A noção de filtragem constitucional desenvolveu-se num momento do direito brasileiro que ficou conhecido como a fase da “dogmática da efetividade”. Ela desempenhava a tarefa de tentar superar os discursos provenientes de setores conservadores da sociedade que desconfiavam da nova ordem jurídica instaurada pela Constituição de 1988, sustentando não existir condições políticas, econômicas, ideológicas e até mesmo jurídicas para a sua plena realização. Ainda era muito comum, nos primeiros anos após a promulgação da nova Constituição, encontrar afirmações no sentido de que ela era um simples documento político destituído de força normativa e, portanto, só era vinculativa de acordo com a vontade e conformação do legislador. Esses discursos ainda estavam fundados nas ideias de um direito positivista, pautado exclusivamente em regras, desvinculado de questões morais e cujo protagonista era a lei.

A filtragem constitucional cuidava de tentar inverter esta lógica defendendo uma perspectiva pós-positivista em que (i) a Constituição não deveria ser compreendida apenas como um conjunto de princípios e direitos desprovidos de eficácia, totalmente à disposição da boa vontade do legislador ordinário, (ii) que ela possuía uma normatividade própria, superior e vinculante, mesmo em relação aos princípios e normas ditas programáticas, (iii) que o Poder Judiciário poderia ter acesso a esta normatividade constitucional através da lei ou, de forma direta, sem ou contra a lei, (iv) que todas as normas constitucionais, mesmo aquelas demandantes de regulamentação ou políticas públicas, deveriam produzir ao menos uma eficácia jurídica mínima (derrogatória ou prestacional, vinculada ao mínimo existencial), (v) que toda interpretação e aplicação do Direito deveria ser constitucional, (vi) que a compromissoriedade e pluralismo axiológico da nova Constituição não eram defeitos e fruto de assistematicidade do texto constitucional, mas reflexo de uma decisão por certa concepção de democracia plural e (vii) que o texto analítico não era desnecessário (mas, antes, produto cultural e consequência da compromissoriedade).

Assim, a filtragem constitucional tomava como eixo a defesa da força normativa da Constituição, da necessidade de uma dogmática constitucional principialista, do desenvolvimento de novos mecanismos de concretização constitucional, do compromisso ético dos operadores do Direito com a Lei Fundamental e da dimensão ética e antropológica da própria Constituição, conduzindo a uma constitucionalização do direito infraconstitucional com caráter emancipatório.

O voto do ministro Fachin, como se viu, utilizou a filtragem constitucional para defender, coerentemente, a ideia de que o procedimento do impeachment, definido em lei de 1950, estava desatualizado e, em diversos aspectos, possuía incongruências com a ordem constitucional em vigor.

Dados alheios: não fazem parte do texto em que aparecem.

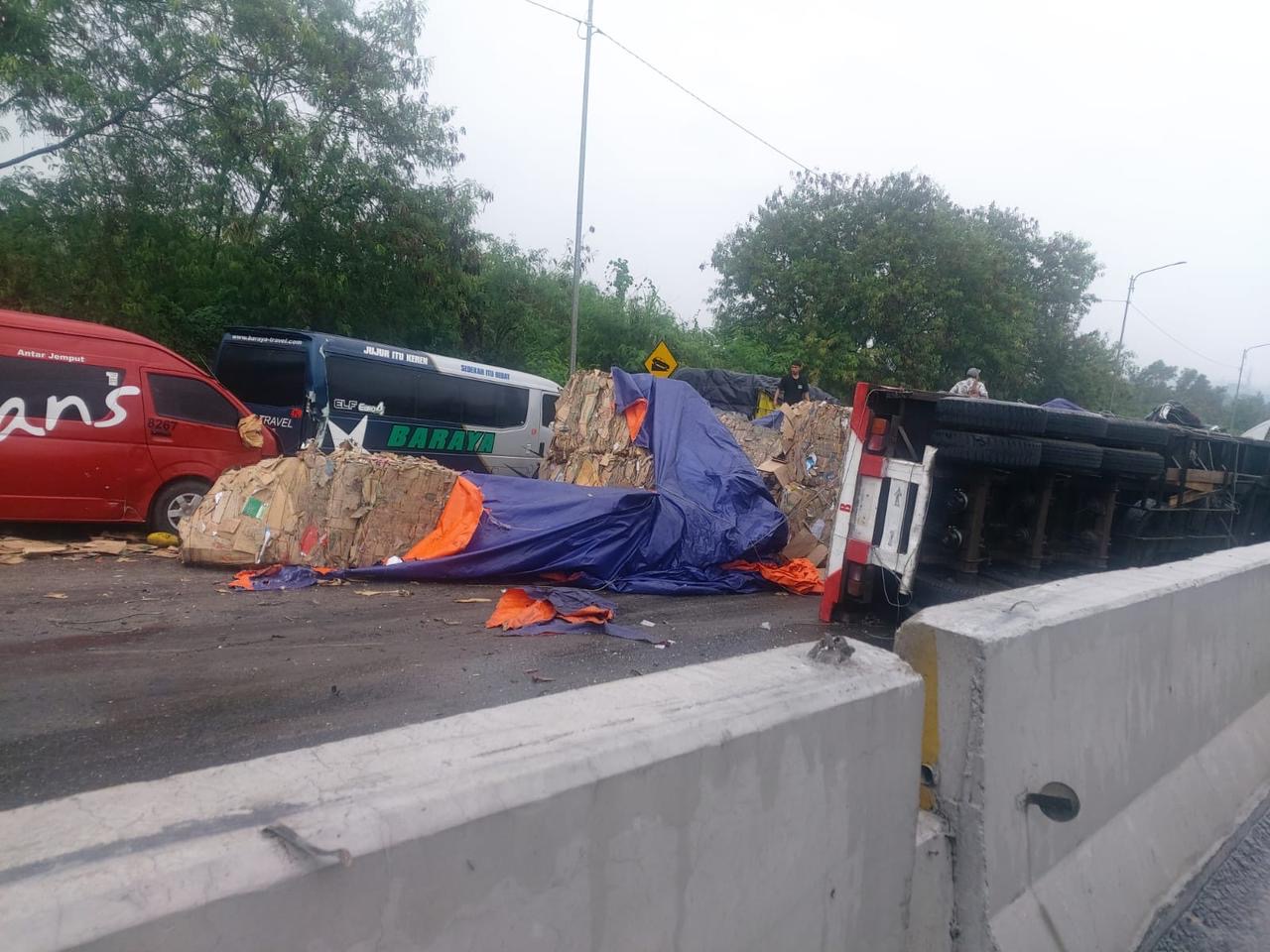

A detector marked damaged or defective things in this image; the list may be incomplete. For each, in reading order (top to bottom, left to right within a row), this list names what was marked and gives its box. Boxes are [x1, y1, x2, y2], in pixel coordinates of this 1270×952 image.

overturned truck [818, 383, 1270, 622]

Em face da noção de supremacia constitucional seria necessário e legítimo lançar mão da filtragem para reler e reconstruir o sentido da lei a partir dos valores e princípios da Constituição de 1988. Com isso, atualiza-se o sentido das normas infraconstitucionais através da normatividade constitucional, sendo certo que esta tarefa não demanda manifestação legislativa prévia eis que o Judiciário não precisa de autorização para aplicar leis já existentes e nem para interpreta-las em conformidade com a Constituição.

Alguns aspectos em relação à forma da utilização da filtragem constitucional pelo STF merecem breve destaque.

O ministro Fachin, com acerto, atualizou o conceito de filtragem constitucional para reconhecer que o processo de constitucionalização do direito não deve se limitar à utilização exclusiva do texto formal da Constituição mas deve, também, abarcar uma parametricidade ampliada, conhecida como bloco de constitucionalidade, aí incluindo-se os tratados internacionais de direitos humanos. Foi isso o que fez ao propor a leitura da lei do impeachment a partir do Pacto de São José da Costa Rica. Neste sentido o relator do ADPF revelou seu comprometimento com uma concepção de direito que, a cada dia, assume maior força: uma concepção em que o diálogo entre direito interno e internacional é inevitável.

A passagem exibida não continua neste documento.